Sinceramente, quindi, abbiamo fatto fatica a cogliere una certa coerenza logica, prima ancora che politica, nel ragionamento di Marcello Pittella.

A meno di non inquadrare il suo intervento di ieri in una precisa strategia politica. Volta a conquistare, attraverso una rocambolesca difesa d’ufficio del generale Bardi, una patente di maggiore affidabilità agli occhi dei nuovi alleati di Fratelli d’Italia, Lega e Forza Italia. Tra i quali, di certo, non mancano elementi più sospettosi di altri sull’ingombrante compagno di squadra, leader di Azione in Basilicata, sempre pronto a reclamare – come fatto anche ieri in aula – il proprio, determinante ruolo nella vittoria conseguita dal centrodestra lucano nelle elezioni del 21 e 22 aprile scorsi.
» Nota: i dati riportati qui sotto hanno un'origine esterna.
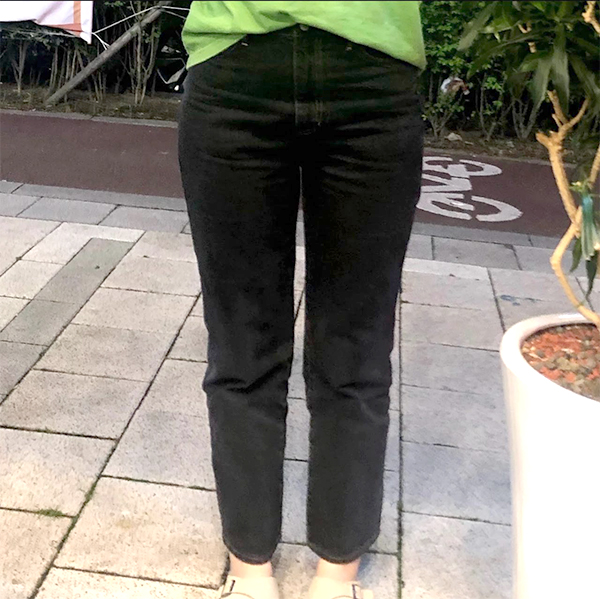 Before thigh liposuction of Jjondeokhouse in Korea—front view in black pants, legs appear bulky and straight.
Sempre a proposito, poi, della Regione “caravanserraglio” dove ognuno, come dicevamo all’inizio, fa quello che gli pare, va segnalata l’umiliante “comparsata” dell’ex assessore all’Agricoltura, Alessandro Galella, di Fdi.

Il quale, non essendo stato rieletto in Consiglio (a differenza dei “colleghi” Latronico e Casino, regolarmente seduti tra i banchi riservati ai «peones») è andato ad accomodarsi per una mezz’ora accanto al generale Bardi, sugli scranni riservati alla giunta. Sino a quando il consigliere del Pd, Roberto Cifarelli, cogliendolo in castagna, gli ha chiesto: scusi, ma lei cosa ci fa lì? Con conseguente, immediato abbandono della postazione da parte del “fratellino” abusivo.

Avremo modo di ritornare su questa imbarazzante figuraccia del Galella ex assessore, figlia di una interpretazione alquanto ardita della cosiddetta «prorogatio» fatta dagli uffici di stretta collaborazione di Bardi. E causa – a nostro modesto avviso – di un evidente danno erariale, per gli stipendi pagati impropriamente, a partire dallo scorso 24 maggio, giorno di proclamazione degli eletti da parte della Corte di Appello, ad ex esponenti di giunta e ai loro collaboratori di segreteria.

Concludiamo con una nota di “colore”, in linea col clima da «caravanserraglio» appena ricordato.

Chiamato a dare conto di un comunicato stampa nel quale, ieri l’altro, si annunciava l’apertura del nuovo anno scolastico per il 16 settembre, in assenza di un doveroso atto di giunta, necessario in casi come questo, l’ex assessore Michele Casino, intervenendo dai banchi del Consiglio, è apparso “sorpreso” che qualcuno gli chiedesse conto di un atto irritualmente adottato a sua sola firma. E del resto, come dargli torto? In un Ente dove il rispetto delle norme è diventato un optional di cui fare tranquillamente a meno, vuoi vedere che un ex assessore in prorogatio non possa decidere, di sua sponte, senza dar conto a nessuno, di aprire le scuole con qualche giorno di ritardo? Così giusto per fare un «favore» agli amici di asso-turismo che glielo hanno chiesto.